I was just wondering why most beginner clarinets are in Bb? Why flat? Were the early clarinets in such keys as Bb, Ab and Eb? I know some are in A and C but they seem the exception.
GREAT question! There were/are the octave clarinets that were tuned to C and Ab. The Ab is tuned to a minor 7th above the Bb. There were the piccolo Eb and D clarinets that belong/belonged to the piccolo clarinet family.
But the story of the clarinet's evolution is a dark one, full of mutants and variations and absolutely weird brothers, sisters. and odd uncles.
The clarinet is a descendent of a Baroque era instrument
, a single-reed cylindrical bored instrument that had very few keys. It is believed to go back in history as far as the 1200’s. The family included a funky-looking bass chalameau whose bell pointed upward. The mouthpiece was affixed to the body via something akin to a saxophone neck or a bassoon bocal.
There was also a tenor, an alto, and a soprano chalameau, each keyed differently because they were different sizes. (Why each was built to particular dimensions is anyone’s guess, but it could have been to achieve accurate intonation relative to other instruments).
Then someone got a bright idea to add a register key and extra keys and tone holes and pads to cover them. Then the chalameau as it was known disappeared from common usage by 1800 because the instrument with more keys and holes replaced it. This was the clarinet. It could do what the chalameau could do and more.
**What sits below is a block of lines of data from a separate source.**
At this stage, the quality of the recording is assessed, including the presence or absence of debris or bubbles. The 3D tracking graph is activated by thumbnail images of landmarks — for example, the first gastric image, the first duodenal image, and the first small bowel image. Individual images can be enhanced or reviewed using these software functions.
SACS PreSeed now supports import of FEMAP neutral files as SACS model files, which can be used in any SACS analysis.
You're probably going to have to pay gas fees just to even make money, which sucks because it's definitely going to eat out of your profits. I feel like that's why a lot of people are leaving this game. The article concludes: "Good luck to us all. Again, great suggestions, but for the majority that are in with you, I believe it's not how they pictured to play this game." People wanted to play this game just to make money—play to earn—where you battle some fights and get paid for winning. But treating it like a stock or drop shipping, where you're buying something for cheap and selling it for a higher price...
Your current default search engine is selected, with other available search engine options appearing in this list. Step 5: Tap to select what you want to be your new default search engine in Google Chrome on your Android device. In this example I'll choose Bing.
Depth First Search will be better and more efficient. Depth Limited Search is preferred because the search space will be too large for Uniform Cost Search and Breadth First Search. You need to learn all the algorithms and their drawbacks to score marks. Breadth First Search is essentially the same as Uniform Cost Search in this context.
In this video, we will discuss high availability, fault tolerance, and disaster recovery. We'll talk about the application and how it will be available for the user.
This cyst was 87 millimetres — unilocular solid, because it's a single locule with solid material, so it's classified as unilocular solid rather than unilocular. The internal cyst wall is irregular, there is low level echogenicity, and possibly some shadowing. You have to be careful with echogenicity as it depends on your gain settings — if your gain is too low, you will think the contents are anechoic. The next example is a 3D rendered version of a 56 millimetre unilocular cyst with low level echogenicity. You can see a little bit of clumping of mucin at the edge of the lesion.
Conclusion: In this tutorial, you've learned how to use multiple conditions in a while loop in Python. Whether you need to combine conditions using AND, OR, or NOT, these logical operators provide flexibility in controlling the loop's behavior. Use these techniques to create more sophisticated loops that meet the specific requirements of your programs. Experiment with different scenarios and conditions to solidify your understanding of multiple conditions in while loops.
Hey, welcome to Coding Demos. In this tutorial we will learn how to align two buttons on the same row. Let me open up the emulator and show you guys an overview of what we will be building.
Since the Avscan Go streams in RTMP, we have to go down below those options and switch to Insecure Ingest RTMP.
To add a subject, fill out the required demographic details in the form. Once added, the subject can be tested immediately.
The soprano clarinet as we know it today exists in the key of A as well as Bb and Eb, but the transition wasn’t without weird twists and turns. Someone named Schuller created a clarinet that --- wait for it--- played quartertones and employed two parallel bores!
But to address the original question: why is the modern soprano (and presumably the "beginner) clarinet tuned to Bb?
I don't know. Just be glad that it wasn’t tuned to Db!